Would be interested to see a pic of chicken waters/feeders.. 

I have a few.. 

Hay and grain feeders together, after they eat grain the trough catches the little particles of hay that fall (especially when feeding alfalfa) the goats love it.. 

Brooms! Great to clean water tubs with  

Just lost all of my brain power and can not remember them. will come back when I can


----------



## NyGoatMom (Jan 26, 2013)

Darn! I don't think i can add to this thread....everything we did was the more expensive route....
Oh WAIT! What NOT to do.......anything NYGoatMom did!

LOL


----------



## kramsay (Mar 7, 2013)

That's what my husband thinks! I am $1,000 in since march.. not bad at all!. He just don't understand lol 

Every one has to have one little trick lol


----------



## HoosierShadow (Apr 20, 2010)

Haha.. don't laugh.
Pallets. We build everything with them. They are free & a great way to recycle! I am planning to pick up a load in the morning so we can start on a much needed shelter in the young does pen.

A small pallet tied to the wall is a great organizer for rakes, brooms, shovels, etc.

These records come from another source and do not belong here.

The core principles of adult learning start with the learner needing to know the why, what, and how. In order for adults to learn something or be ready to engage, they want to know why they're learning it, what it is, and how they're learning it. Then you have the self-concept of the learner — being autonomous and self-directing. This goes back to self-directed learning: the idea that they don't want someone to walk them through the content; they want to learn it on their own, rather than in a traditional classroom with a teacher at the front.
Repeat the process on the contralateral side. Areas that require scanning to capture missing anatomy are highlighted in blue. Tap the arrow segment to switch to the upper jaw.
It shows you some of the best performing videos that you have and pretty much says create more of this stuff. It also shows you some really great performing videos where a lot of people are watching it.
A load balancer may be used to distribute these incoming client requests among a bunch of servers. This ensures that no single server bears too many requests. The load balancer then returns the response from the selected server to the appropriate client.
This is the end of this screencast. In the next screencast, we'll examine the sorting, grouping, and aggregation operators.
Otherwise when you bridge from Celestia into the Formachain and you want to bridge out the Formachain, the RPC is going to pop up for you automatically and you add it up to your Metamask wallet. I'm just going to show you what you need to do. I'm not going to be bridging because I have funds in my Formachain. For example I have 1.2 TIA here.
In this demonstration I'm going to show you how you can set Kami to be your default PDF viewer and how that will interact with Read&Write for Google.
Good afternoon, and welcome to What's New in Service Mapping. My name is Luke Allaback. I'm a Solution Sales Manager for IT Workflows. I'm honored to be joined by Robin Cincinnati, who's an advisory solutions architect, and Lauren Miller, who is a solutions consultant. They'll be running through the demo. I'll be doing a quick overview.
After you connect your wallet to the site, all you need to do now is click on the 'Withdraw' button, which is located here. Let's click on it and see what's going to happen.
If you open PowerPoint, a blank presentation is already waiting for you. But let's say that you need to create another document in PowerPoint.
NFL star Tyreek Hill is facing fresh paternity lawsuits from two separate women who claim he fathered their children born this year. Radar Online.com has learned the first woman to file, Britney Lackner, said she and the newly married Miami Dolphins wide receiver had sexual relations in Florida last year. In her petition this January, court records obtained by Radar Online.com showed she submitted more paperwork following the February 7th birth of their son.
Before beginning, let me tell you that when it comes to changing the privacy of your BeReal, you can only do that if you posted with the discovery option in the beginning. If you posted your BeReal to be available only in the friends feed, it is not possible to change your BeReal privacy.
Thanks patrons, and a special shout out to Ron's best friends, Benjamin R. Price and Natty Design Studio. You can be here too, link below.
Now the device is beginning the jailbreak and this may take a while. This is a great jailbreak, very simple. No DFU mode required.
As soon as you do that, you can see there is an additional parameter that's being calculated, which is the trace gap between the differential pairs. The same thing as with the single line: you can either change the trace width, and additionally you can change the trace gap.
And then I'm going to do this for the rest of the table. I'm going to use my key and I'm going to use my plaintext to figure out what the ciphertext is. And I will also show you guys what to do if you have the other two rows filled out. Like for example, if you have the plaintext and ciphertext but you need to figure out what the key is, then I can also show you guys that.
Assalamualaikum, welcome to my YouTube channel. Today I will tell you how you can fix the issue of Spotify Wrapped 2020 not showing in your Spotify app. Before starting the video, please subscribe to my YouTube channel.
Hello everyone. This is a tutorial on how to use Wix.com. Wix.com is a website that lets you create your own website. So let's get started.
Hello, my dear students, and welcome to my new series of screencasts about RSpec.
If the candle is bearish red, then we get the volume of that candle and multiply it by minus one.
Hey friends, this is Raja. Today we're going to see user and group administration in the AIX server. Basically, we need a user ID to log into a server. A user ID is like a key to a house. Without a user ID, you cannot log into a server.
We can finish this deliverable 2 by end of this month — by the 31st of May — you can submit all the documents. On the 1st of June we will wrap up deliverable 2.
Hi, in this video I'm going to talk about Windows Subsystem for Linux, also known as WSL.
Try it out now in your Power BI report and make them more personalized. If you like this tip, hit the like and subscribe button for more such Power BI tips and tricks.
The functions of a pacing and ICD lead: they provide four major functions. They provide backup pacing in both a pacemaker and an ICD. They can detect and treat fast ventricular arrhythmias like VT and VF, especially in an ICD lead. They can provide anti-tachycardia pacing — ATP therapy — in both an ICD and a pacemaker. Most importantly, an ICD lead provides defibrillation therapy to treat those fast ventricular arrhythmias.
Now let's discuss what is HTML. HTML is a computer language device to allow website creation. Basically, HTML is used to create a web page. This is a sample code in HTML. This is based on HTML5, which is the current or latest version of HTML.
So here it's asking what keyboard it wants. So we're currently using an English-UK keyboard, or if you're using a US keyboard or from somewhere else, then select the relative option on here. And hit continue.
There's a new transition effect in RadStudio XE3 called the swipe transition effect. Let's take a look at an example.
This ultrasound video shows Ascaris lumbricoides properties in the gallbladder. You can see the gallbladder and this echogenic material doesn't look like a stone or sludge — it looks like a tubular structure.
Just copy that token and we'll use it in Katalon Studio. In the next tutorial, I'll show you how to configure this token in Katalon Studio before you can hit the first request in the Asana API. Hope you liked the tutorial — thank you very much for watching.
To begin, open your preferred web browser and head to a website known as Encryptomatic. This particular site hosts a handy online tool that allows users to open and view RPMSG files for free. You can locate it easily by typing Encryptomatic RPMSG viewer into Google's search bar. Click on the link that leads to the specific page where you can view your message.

Milk jugs with a section on the front cut out can make great mineral feeders especially in kidding stalls. I'd use something stronger like laundry detergent/fabric softener bottles if they get too destructive with the milk jug. You can figure out how to mount them, or just cut holes and use some twine to tie them to the wall <again pallet walls, so easy to tie things lol>.

Pallets with the right size spaces, cut down can make great hay feeders.
We put some OSB and make a tray in front of them that away if they drop any, it will fall on the tray so they eat it.

Prune trimmers <not the kind with rounded blade> can make great hoof trimmers for small herds, they are about $5-7 and will last a long time if you take care of them.

Always keep a couple of decent spray bottles on hand, you never know when you'll need them lol

LA200 is awesome stuff, it's inexpensive and can be used for a variety of problems.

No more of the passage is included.